Understanding Flux: Diffusion and Flow Models

The aim of this article is to introduce the architecture of Flux, a state-of-the-art model for text-to-image generation. We first review Diffusion and Flow Matching frameworks, then discuss the architectural shift from U-Nets to Diffusion Transformers.

Text-to-image generation is a rapidly evolving field. In recent years, researchers and engineers have focused much of their effort on diffusion models and flow models.

The most general modern way to think about generative modeling is through the Flow Matching framework. At its core, this framework learns a continuous process that transforms a simple prior distribution into a complex target data distribution.

This transformation is defined by a time-dependent probability path, $p_t(x)$ , which smoothly morphs $p_0$ into $p_T$ as time $t$ goes from $0$ to $T$ . The evolution of a point $x$ along this path is governed by a learned vector field $v_t(x)$ :

\frac{dx}{dt} = v_t(x)

The goal is to learn $v_t(x)$ such that solving this ODE from noise back to data produces valid samples.

Diffusion Models

Diffusion models realize this objective through a predefined Gaussian noising process.
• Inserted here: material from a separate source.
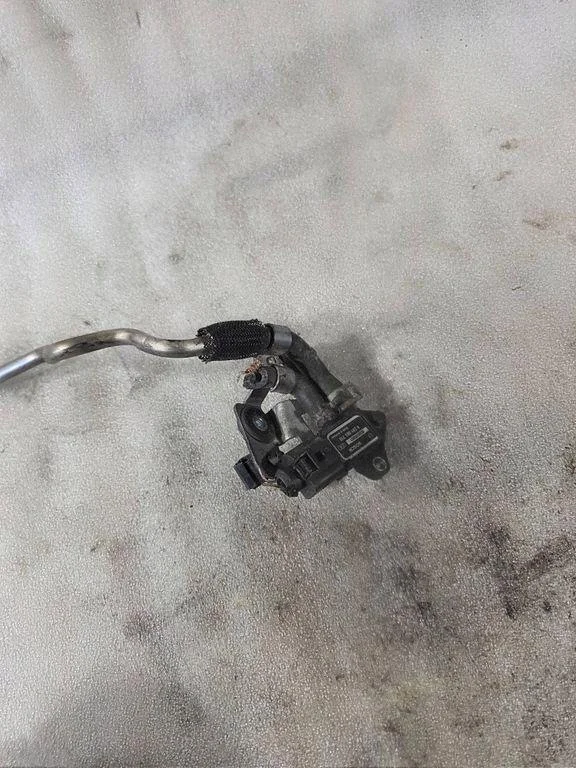 Capteur Pression Air VW Golf VI 1.9 TDI 0281002710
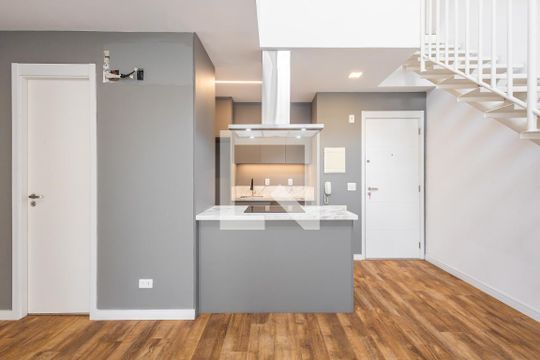 Cozinha de apartamento para alugar com 2 quartos, 120m² em Sumarezinho, São Paulo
A fixed forward process gradually injects noise into data; a learned reverse process predicts how to remove that noise.

In practice, diffusion models learn to denoise. From that denoising function, one can derive the score or vector field needed to move from noise back to data.

Flow Models

More recent flow models, especially rectified flow, provide a more direct solution. The key idea is to construct paths between $x_0$ and $x_T$ that are close to straight lines:

\frac{dx}{dt} = x_T - x_0

This makes the vector field easier to learn and can support high-quality sampling with fewer steps.

Model family	Strengths	Tradeoffs
Diffusion models	Stable training, diverse generation	Slow sampling with many steps
Rectified flows	Faster sampling, direct vector-field learning	Newer and still rapidly evolving

U-Net vs Diffusion Transformers

In a diffusion model, the denoiser is the core learnable component. Historically, this component has often been a U-Net.

U-Net architecture diagram — Classic U-Net-style denoising architecture.

U-Nets combine downsampling, upsampling, and skip connections. They are powerful, but architecturally complex.

Diffusion Transformers instead treat denoising as a sequence modeling task: image patches become tokens, and the denoiser becomes a Transformer over image and conditioning sequences.

Diffusion Transformer architecture diagram — Diffusion Transformer architecture.

Flux

Flux combines flow matching with a transformer-based denoiser. Its architecture can be read as a dual-transformer system that integrates text, image, and timestep information.

The model prepares text conditioning, time conditioning, and latent image patches before passing them through a multi-stage transformer backbone. The result is an elegant architecture that avoids much of the complexity of older U-Net-based systems while keeping strong generation quality.

Takeaway

The broader trend is clear: text-to-image systems are moving toward cleaner Transformer-based denoisers and more direct flow-based sampling objectives. Flux is a strong example of that shift.